Стипли оглаживал периметры мескитовых царапин, отчего его пожатие плеч было неуклюжим.
- Я бы не был так уверен. Приближенные к Богу Роду говорят, что он готов умереть за Лурию, дважды. Говорят, даже не задумался бы. Не то что дал бы рухнуть всей ОНАН к чертовой матери, если до такого дойдет. Но и умер бы.
Марат шмыгнул.
- Дважды.
- Даже не взяв время на размышления, - сказал Стипли, поглаживая электролитическую сыпь на губе на задумчивый манер. - Многие у нас считают, что именно поэтому он еще на своем месте, а президент Джентл к нему до сих пор прислушивается. Конфликт интересов - это одно.
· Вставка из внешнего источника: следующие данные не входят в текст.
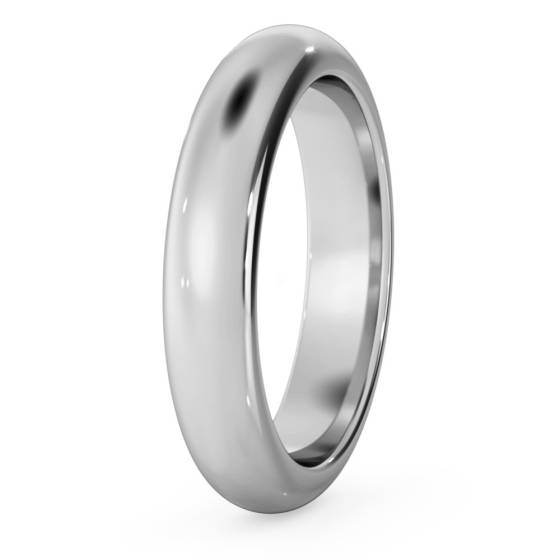 DHD04H Ehering in D-Form – Schwergewicht, 4 mm Breite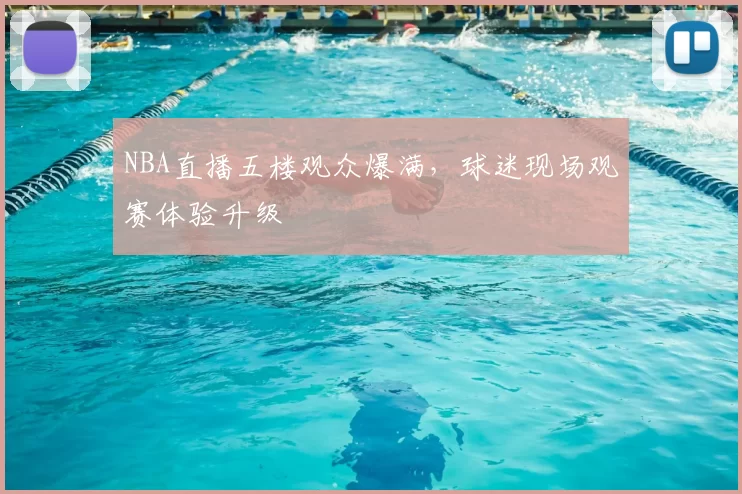 NBA直播五楼观众爆满，球迷现场观赛体验升级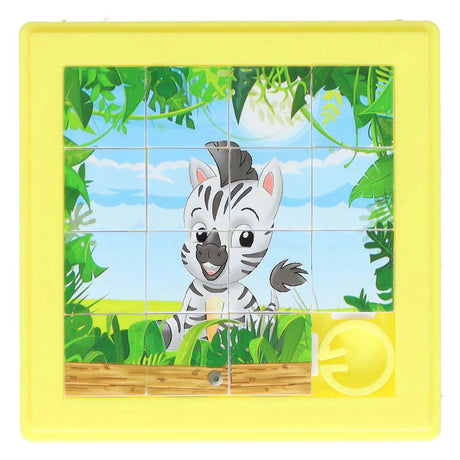 Puzzle przesuwane zwierzątko - 8x8cm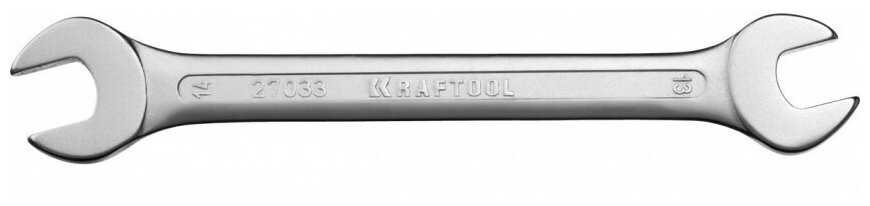 Ключ рожковый Kraftool 27033-13-14, 13 мм х 14 мм фотография 4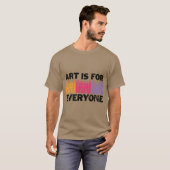 アートは誰にとってもプリンストンのアートギルドの特大 Tシャツ (正面フル)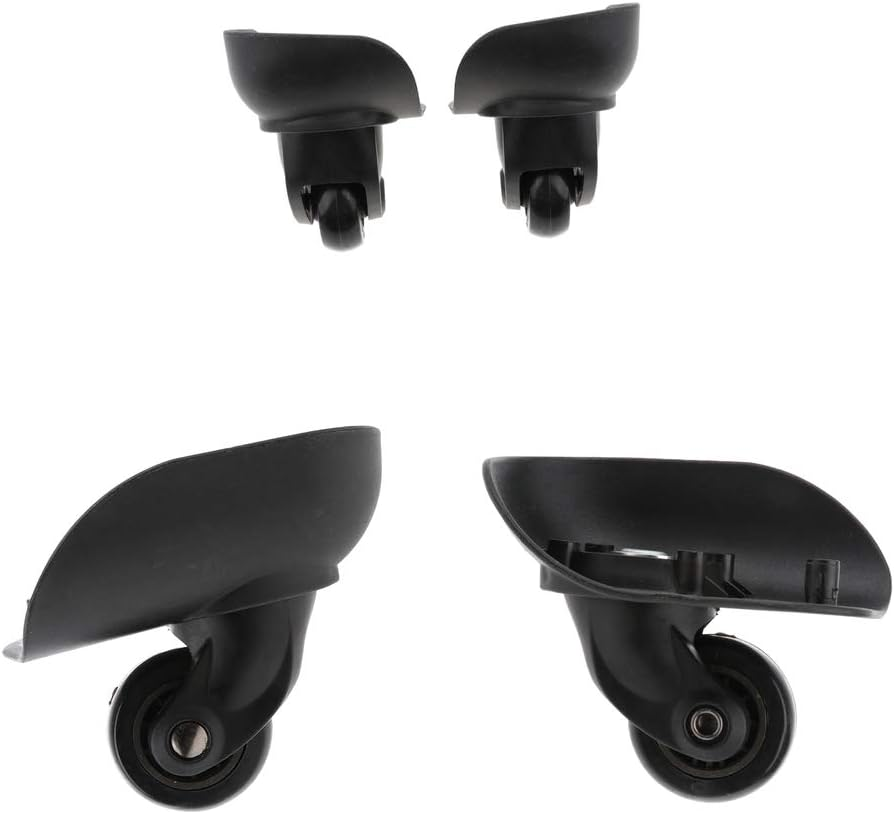 Eigell 2 Pairs Vluggage Carriers Rubber Wheels Replacement Wheels for Suitcases image number 4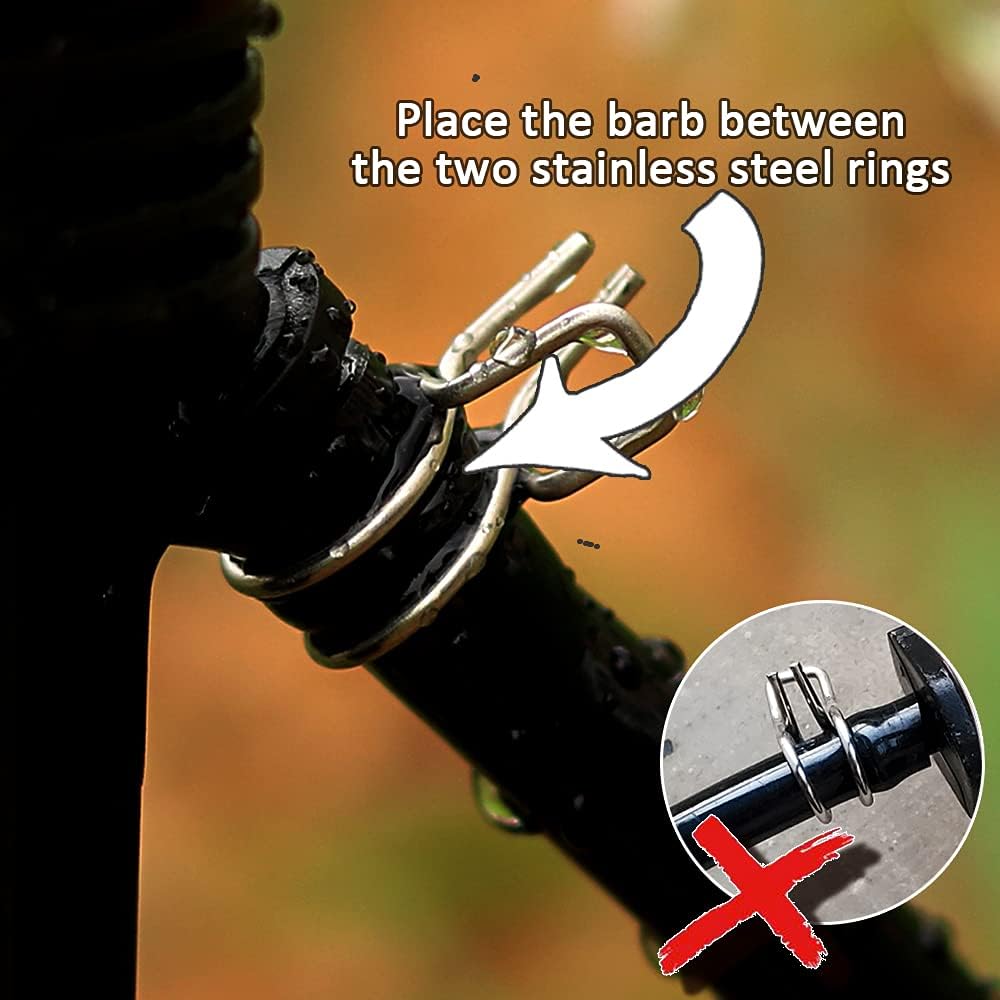 Heeqinn 1/4" Irrigation Hose Clamp, Firm and Leak-Proof, Easy to Install, S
Но если он делает все это из любви - что ж, тогда есть трагический элемент, который даже затмевает политический, что скажешь? - Стипли широко улыбнулся на Марата.
Собственное предательство AFR Маратом: за медицинский уход за состоянием его жены; за (наверное, воображает Стипли) любовь человека, женщины.
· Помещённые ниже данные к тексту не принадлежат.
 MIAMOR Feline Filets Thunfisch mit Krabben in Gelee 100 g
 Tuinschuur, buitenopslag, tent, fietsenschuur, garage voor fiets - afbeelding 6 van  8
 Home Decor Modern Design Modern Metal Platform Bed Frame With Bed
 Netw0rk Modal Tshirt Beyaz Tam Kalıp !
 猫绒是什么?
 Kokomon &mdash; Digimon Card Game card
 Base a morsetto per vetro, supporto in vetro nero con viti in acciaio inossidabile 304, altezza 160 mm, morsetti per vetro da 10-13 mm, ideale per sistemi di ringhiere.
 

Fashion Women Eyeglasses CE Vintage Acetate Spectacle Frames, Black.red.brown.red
- «Трагично» - значит, что Родни Тан из Неопределенности не отвечает за свой выбор, как не отвечают сумасшедшие, - тихо сказал Марат.
Стипли улыбался еще шире.
- Трагическая черта, вечная, музыкальная, ну как тут Джентлу было не поплыть?
Маратовый тон теперь стал насмешливый, вопреки его легендарному стылокровию перед лицом технических собеседований:
- И это сантименты человека, который позволяет посылать его в поле в форме огромной девушки с сиськами под косоглазым углом, который теперь рассуждает о трагической любви.
Стипли, невозмутительный и завороженно задумчивый, взирая с утеса гор, поковырял помаду уголка губы рта самым маленьким из пальчиков, удалил какую-то песчинку.
- Ну конечно. Фанатично патриотичные Убийцы-колясочники из южного Квебека презрительно фыркают при мысли о межличностных сантиментах между людьми, - теперь глядя на Марата. – Нет? Даже несмотря на то, что именно благодаря им Тан подался к вам, под каблук к Лурии, если уж говорить начистоту?
Марат осел на зад в кресле.
- Твое сшайское слово для фанатичного – «фанатичный», - вас учат, что оно произошло из латынского слова «святыня»? Оно значит, буквально, «поклоняющийся святыне».
- Ох ты господи, понесло, - сказал Стипли.
- Как, если дашь мне позволение сказать, любовь, о которой ты говоришь, - великая любовь мсье Тана. Она значит как раз привязанность. Тан привязан, фанатично. Наши привязанности – это наши святыни, которые мы поклоняем, нет? Чему мы себя отдаем, во что вкладываем веру.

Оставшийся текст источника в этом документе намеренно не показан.